Example calculation:

(1) installed RAM 4 GB
(2) RAM consumption in idle state (depends on operating system, see task manager) 1.3 GB
(3) difference between (1) and (2) 2.7 GB
(4) minimal RAM assignation (value after -Xms) 200 MB
(5) maximum RAM assignation (Wert after -Xmx) 2.5 GB (Do not use a decimal separator, write -Xmx2500M instead.)

There must not be a space between -Xms or -Xmx and the numerical value.

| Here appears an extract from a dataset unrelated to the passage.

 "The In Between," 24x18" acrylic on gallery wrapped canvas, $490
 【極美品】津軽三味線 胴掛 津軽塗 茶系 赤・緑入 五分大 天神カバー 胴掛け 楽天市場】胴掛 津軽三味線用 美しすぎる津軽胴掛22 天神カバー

Copy OBF File(s) to mobile phone

The finished OBF file(s) are stored in OsmAnd's app directory on the mobile device; this may be:

/mnt/sdcard/osmand

The folder for OsmAnd may be changed in the General settings of Osmand. The mount point of the SD card may be different /mnt/sdcard.) Note that on Android, paths and files are case-sensitive: e.g. /mnt/extSdCard and /mnt/extsdcard are two different directories.